I'm running guardrails-ai==0.2.4
and was basing my attempts off of https://docs.guardrailsai.com/examples/provenance/#provenance-v1
The ProvenanceV1 validation works when I supply gpt-3.5-turbo
as is the default. I can't immediately see what's different with the guardrail I'm building between the two - the openai_callable
function defined in set_callable
looks pretty identical. I can't find any examples of a custom callable besides.
While the OpenAI string model value works for me during testing I cannot use that for my application and need to use Google's instead, just to clarify!
Thanks for any help you can provide! I'll continue looking into the docs / code to figure out what's happening with the validator parsing
Hi! Your assessment is correct, this is a bug in how the feature is documented vs how it works. With the current sequencing of guard runs, validator params are serialized/deserialized before they're executed. This is not loss-less when it tries to run on callables. As a result, callable-passing via parameters isn't available through validators even though the provenancev1 validator accepts a callable of that method signature.
The fix here would be to rewrite the provenancev1 validator to accept the llm_callable as metadata instead of as a param.

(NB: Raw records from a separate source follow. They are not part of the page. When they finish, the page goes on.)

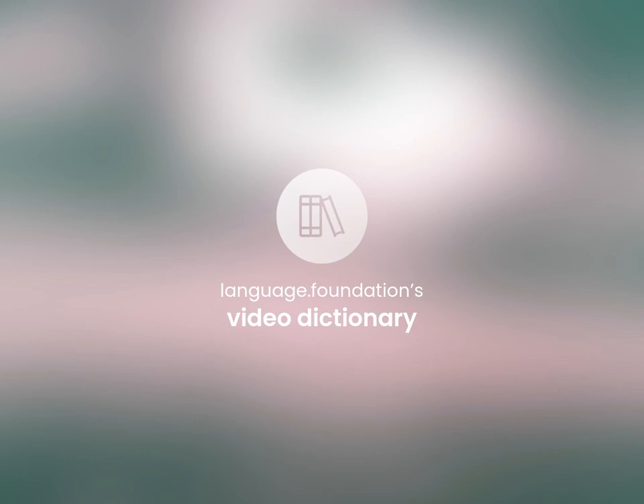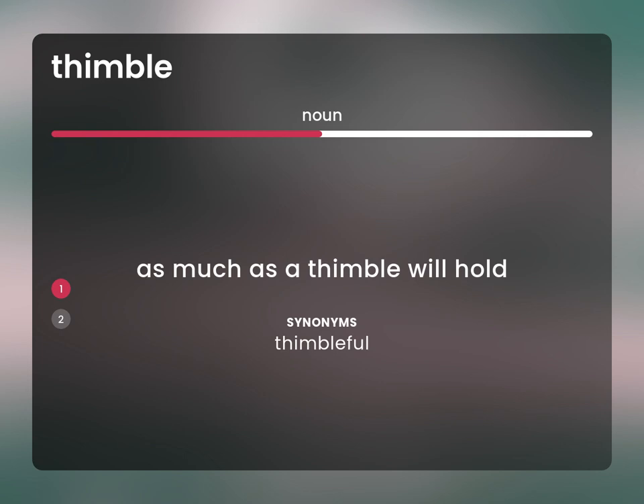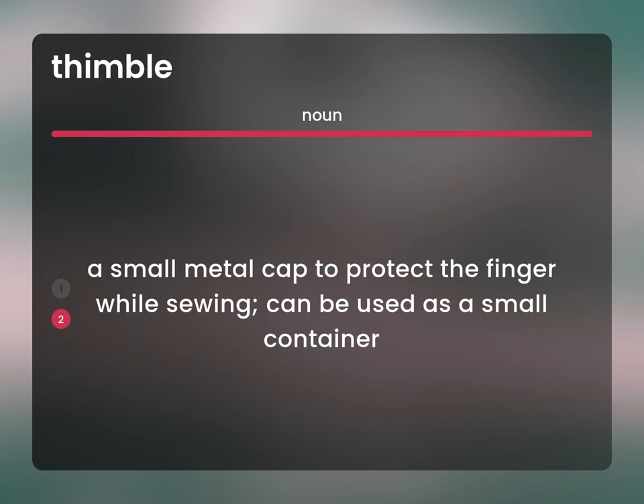Language.Foundation's Video Dictionary, helping you achieve understanding. As much as a thimble will hold. Thimbleful. A small metal cap to protect the finger while sewing, can be used as a small container.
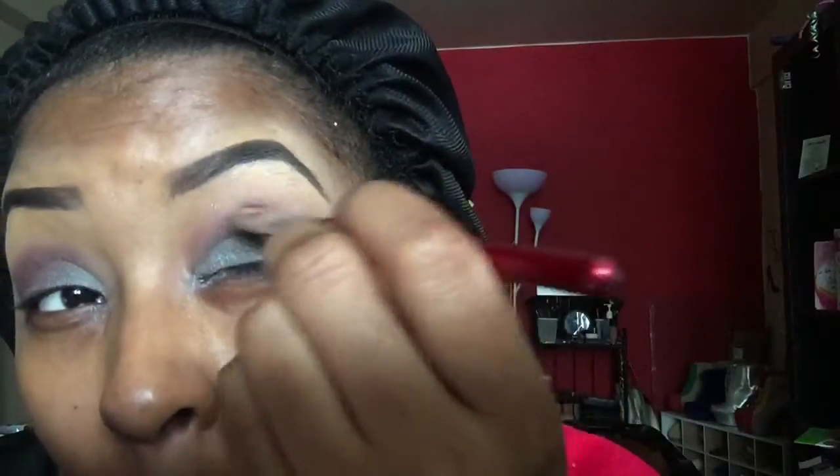I'm using the color Sketch and I'm applying that in my outer V and bringing that into my crease. This gives your eyes more of a dramatic look for the night.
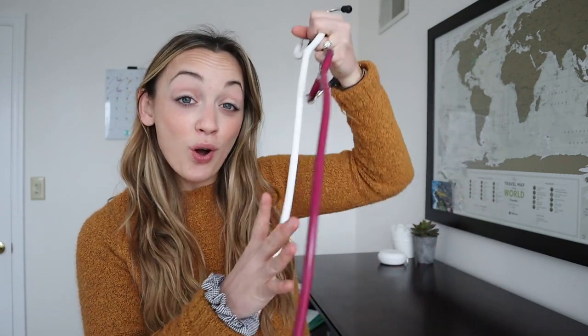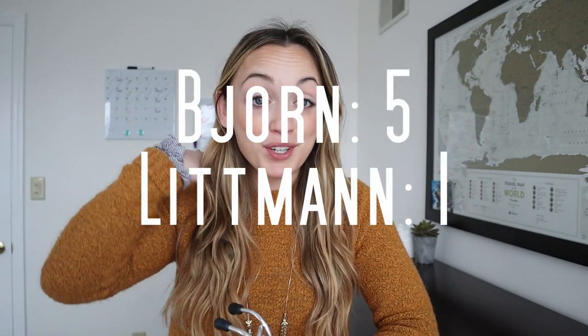Speaking about wearing a stethoscope around your neck, this leads me to the weight of the two stethoscopes. Even though the Bjorn haul stethoscope is two inches longer than the Lippmann, it is also lighter and doesn't pull on your neck as much. The Bjorn haul stethoscope is only 5.1 ounces and the Lippmann Classic 3 is 5.5 ounces.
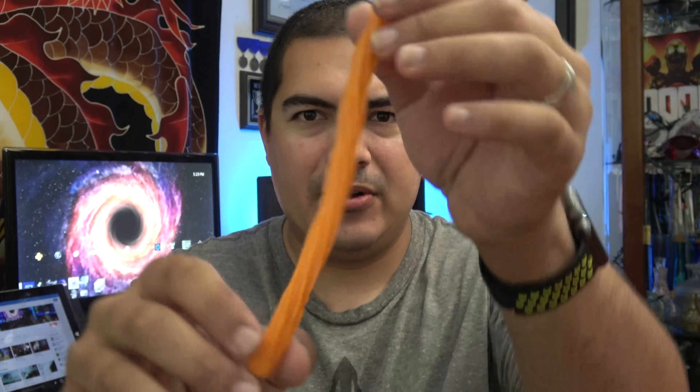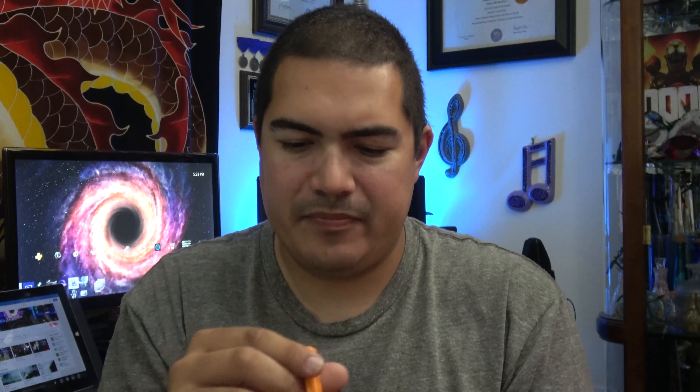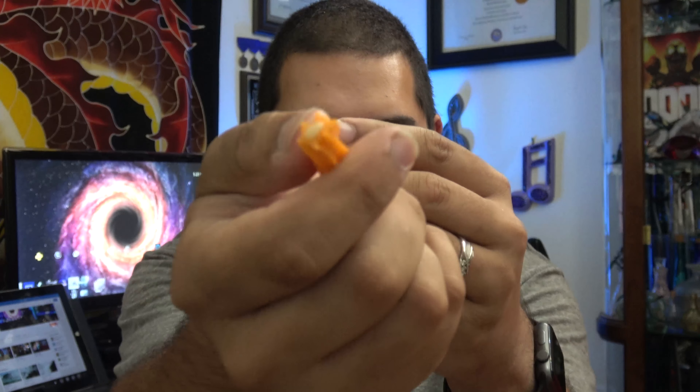Alrighty, so that's got a weird smell to it. Ooh, these do not feel like regular Twizzlers. Okay, so that's it — I don't know if you can see that very well, but there's this filling on the end.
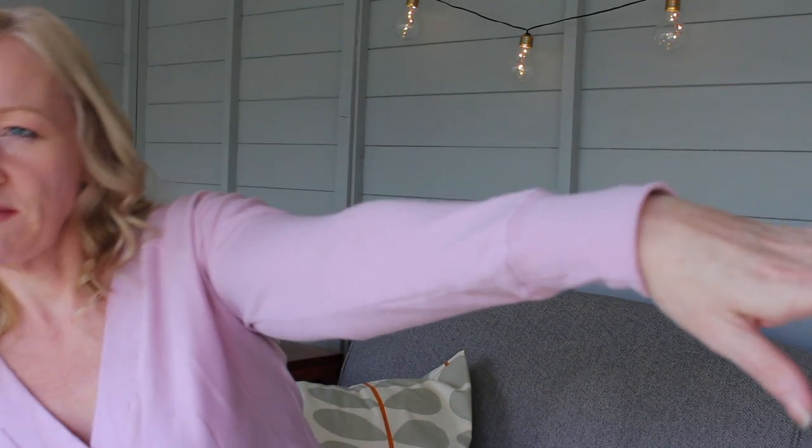Thank you for the responses to my first vlog — that was really unexpected. A few questions came up which I'll answer while talking about this top. Firstly, how tall I am: I'm 5 foot 10, so I frequently have to alter patterns to fit me. I've sewn Papercut Patterns before and found they're very generous in length, so I didn't have to alter this one at all. I've got really long arms, and the arm length on this is perfect. I normally have to add at least a couple of inches to sleeves and about an inch and a half to the torso length, but with this I didn't need to do that.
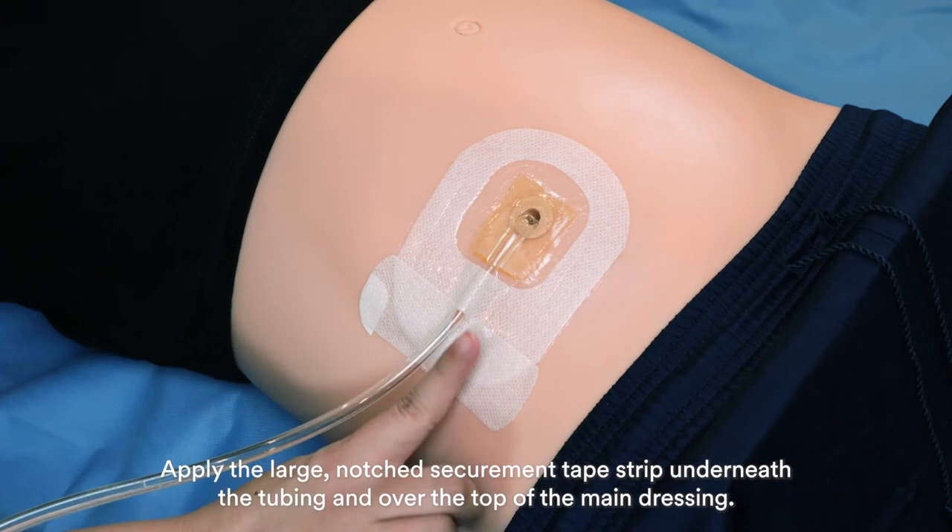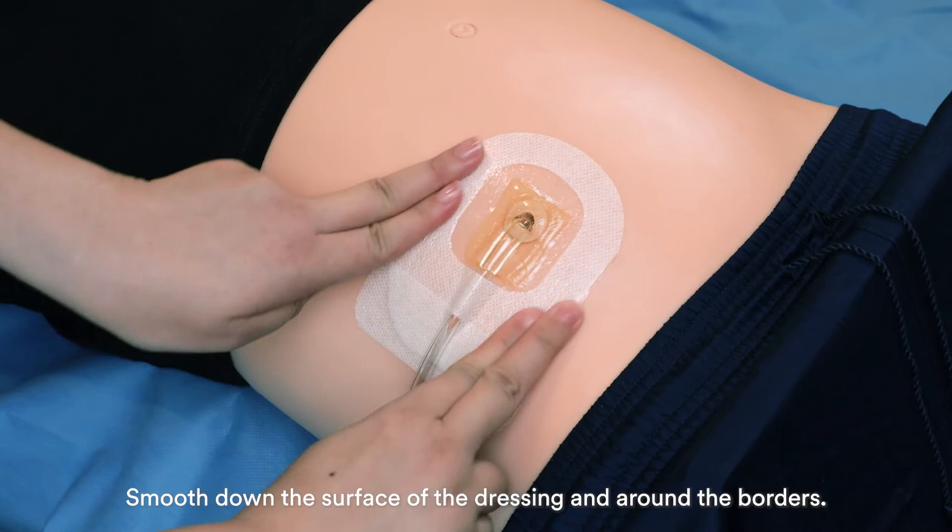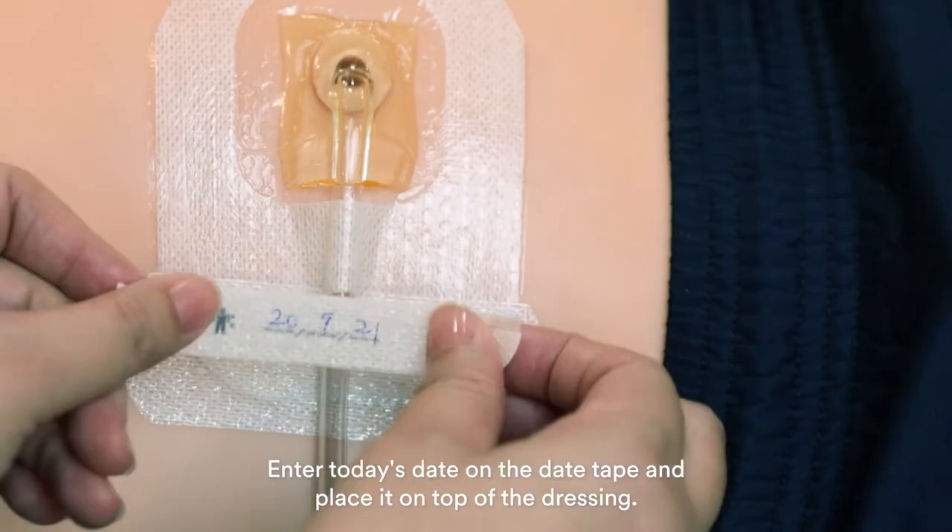Apply the large notch securement tape strip underneath the tubing and over the top of the main dressing. Ensure the dressing is securely attached to the skin and tubing. Smooth down the surface of the dressing and around the borders. Insert today's date on the date tape and place it on top of the dressing.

This hasn't currently been prioritized, but I'll try to see if we can get it released in 0.2.5 (sometime next week). I'll return with a more concrete ETA once we have it. I'll also tag this issue as a "Good first issue", I think it's something someone can get to with limited context.
Awesome, thanks @zsimjee!
This'll be solved as part of our move away from using XML serialization internally, within the next two weeks.